Sometimes the best ideas are made of cardboard.
That’s the case with Pip and Grow and its cardboard Smitten bassinet box—co-founded by Sarasota’s Lauren Hughey and her friends Amber Kroeker and Kate Compton Barr. The trio just won a National Outstanding Retail Small Business award from SCORE, the national business mentoring nonprofit, as well as a $15,000 investment from Sam’s Club.
Pip and Grow’s “a-ha!” moment came in 2015, when Hughey, who’s a marketer for the digital innovation company atLarge, and her friends were on vacation. Kroeker, a child safety expert, had developed an idea and a prototype for an updated baby bassinet box after participating in several infant death panels and realizing how many mortalities could be prevented. She presented it to the University of Michigan and was awarded a $25,000 innovation grant. Let’s start a company, exclaimed the friends.
Cardboard baby boxes aren’t a new idea. They’ve been a staple in Finland for more than 80 years, where expectant moms receive a box from the government packed with baby clothes and accessories. The idea is that every baby should have the same healthy start in life. The box includes a mattress, so it can be used as a bed. Since then baby boxes have been universally lauded for their simple approach to safe sleep for babies ages 0-6 months.

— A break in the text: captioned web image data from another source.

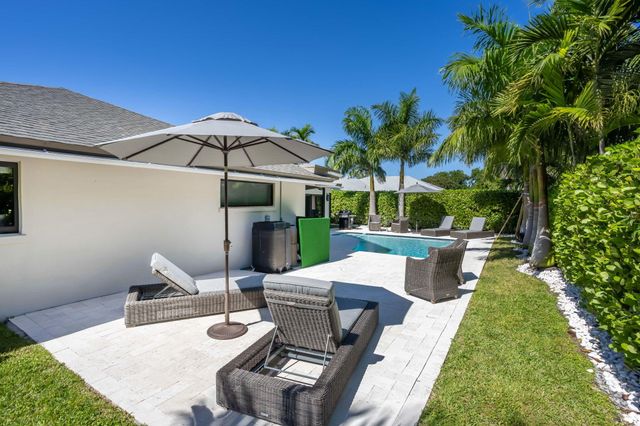 2520 SW 5th Street, Boynton Beach, FL 33435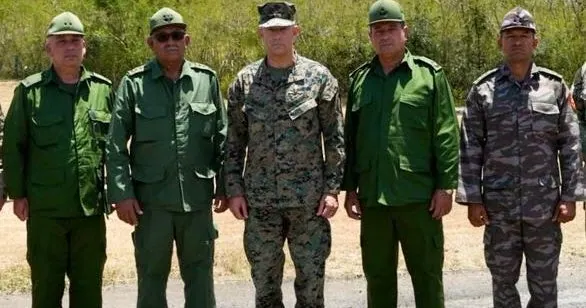 US General Meets Cuban Military Near Guantanamo Bay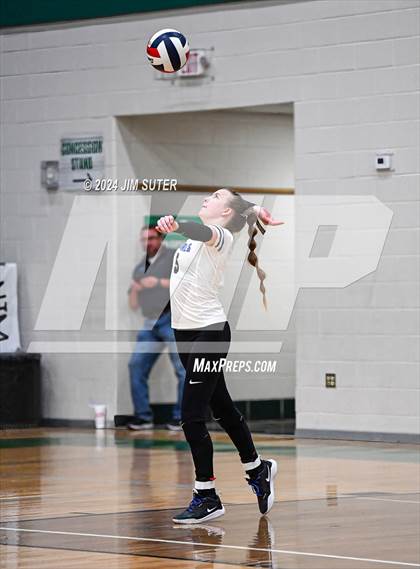 Thumbnail 3 in McMullen County vs Richards (UIL Volleyball 1A Region III Semifinal) photogallery.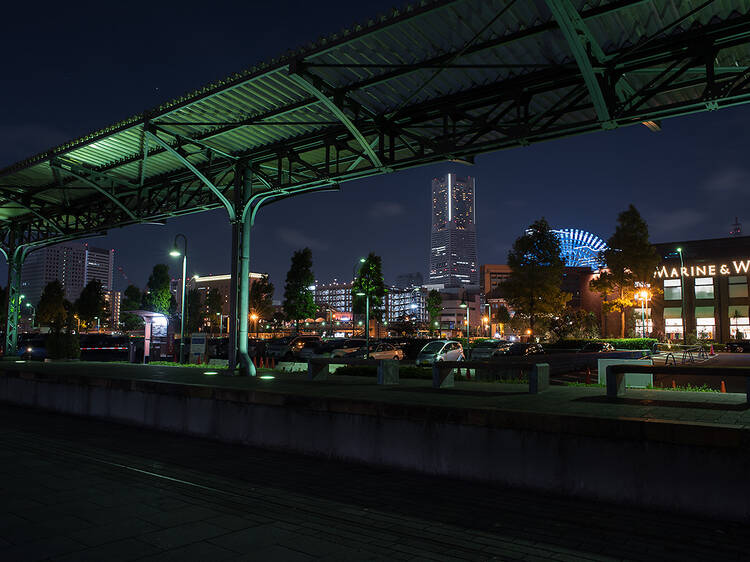 夜の歴史建築を訪ねる。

Cardboard happens to be an ideal surface for infants, who are too young to roll or lift their heads. Since carbon dioxide is heavier than oxygen, it can pool in the nooks and crannies of softer surfaces like couches and bouncy seats, and that can lead to suffocation. Cardboard’s stiff consistency doesn’t allow CO2 pooling to happen. It’s also light, so parents can move the boxes and always have a safe option nearby.
Each sleep system, retailing between $60-$70, is made in the U.S. and includes a recycled, two-pound cardboard bassinet, a CertiPUR foam mattress and a 100-percent cotton sheet. The cute designs on the boxes are printed with nontoxic ink, and the boxes are built using Consumer Product Safety Commission bassinet standards and are safety-tested up to 100 pounds. They meet the guidelines set for safe sleep by the American Pediatric Society and are also recyclable. Or you can hang onto them as great toy boxes when your child gets older.
Cardboard boxes may not appeal to every new mom and dad, but they’re an eco-friendly option and they’re blissfully simple. “Parenthood is hard,” Hughey says. “We want to make it as easy as possible.”